How high-functioning depression hides behind productivity and success

Executive overview

Most people think of depression as someone unable to get out of bed. High-functioning depression looks different: the person is showing up, overperforming, and masking pain behind relentless busyness.

The core problem is anhedonia — a loss of pleasure and interest in things that once brought joy — paired with a coping mechanism of over-committing to avoid feeling anything.

Psychiatrist Judith Joseph conducted the first research study on high-functioning depression and developed a five-step framework (the five V's) to help people identify the condition and rebuild access to joy.

Joy is not a future destination — it is a daily accumulation of small, satisfied human needs.

High-functioning vs. low-functioning depression

  • Low-functioning depression is visible: crying, not getting out of bed, obvious distress.
  • High-functioning depression is invisible: the person appears fine and is often over-performing.
  • The mental health system is built to intervene at crisis — it largely ignores those still functioning.
  • People with high-functioning depression cannot sit still; when not busy, they feel empty or restless.
  • Burnout differs from high-functioning depression: remove the job, burnout improves; high-functioning depression persists.

Anhedonia: the hidden symptom

  • Anhedonia is the absence of pleasure in things that previously brought joy — feeling "meh" or "blah".
  • It is the second face of depression: not visible crying, but a quiet existential lack of joy.
  • Society ignores it because it doesn't look like an emergency — but over time it damages health, relationships, and earnings.
  • People often mistake anhedonia for "just how life is" rather than recognising it as a symptom.

The trauma connection

  • High-functioning depression correlates strongly with past trauma — including "small-t" traumas.
  • Small-t traumas include: divorce, financial scarcity, emotional abuse, racial rejection — events that shape self-worth even without physical threat.
  • Collective experiences like the 2020 pandemic also qualify, even if they don't meet strict PTSD criteria.
  • The coping mechanism: staying perpetually busy to avoid the pain, just as a combat veteran avoids triggers.
  • Generational scarcity trauma can drive a sense that there is never enough — fuelling chronic over-functioning.

Apparent strengths as hidden liabilities

  • High-functioning depression often comes with traits society rewards: high capacity for love, tolerance for pain, extraordinary patience.
  • These same traits lead to: giving until depleted, staying in harmful situations too long, forgoing personal gratification entirely.
  • Many cultures and institutions actively reinforce self-sacrifice — making it harder to recognise the cost.
  • The inner signal is still there: something feels off, joyless, empty — listen to it.

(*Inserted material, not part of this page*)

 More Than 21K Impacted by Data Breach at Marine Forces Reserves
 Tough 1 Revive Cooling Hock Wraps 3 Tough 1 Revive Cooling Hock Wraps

Joy as a science: accumulating points

  • Happiness is often mistakenly treated as a future event ("when I get the job, the partner, the house").
  • Joy is the experience of satisfying basic human needs in real time.
  • "Points of joy" in research: feeling replenished after rest, savouring a meal, feeling connected after reaching out, relaxing when stressed.
  • Common ways points are lost: rushing through meals, distracted presence with loved ones, doomscrolling instead of sleeping.
  • Stress and anxiety directly block access to joy — reducing stress is not optional, it is prerequisite.

The five V's: starting with validation

  • Validation — acknowledging and accepting emotions — is the first and hardest step for high-functioning people.
  • Affect labelling: naming an emotion is itself a therapeutic intervention; it reduces uncertainty and calms the brain.
  • Before validating emotions, understand your biopsychosocial profile — the unique combination of biological, psychological, and social factors shaping your joy.
    • Biological: hormonal changes, medical conditions, family health history.
    • Psychological: attachment trauma, personal trauma, scarcity patterns.
    • Social: environment, relationships, diet, technology exposure, access to nature.
  • Using the wrong tools because you don't understand your own profile wastes effort.
  • Start small: notice and name how you feel at points throughout the day — no deep childhood excavation required.

Making the work accessible

  • People learn better through story and entertainment than through data and clinical language.
  • Practical tool: find a film, book, or musical whose character reflects your experience — a low-stakes way to validate painful history.
  • This technique is used on inpatient units; it works because it is relatable and lowers resistance.
  • High-functioning depression does not target high achievers only — artists, caregivers, stay-at-home parents, and working mothers all resonate with it.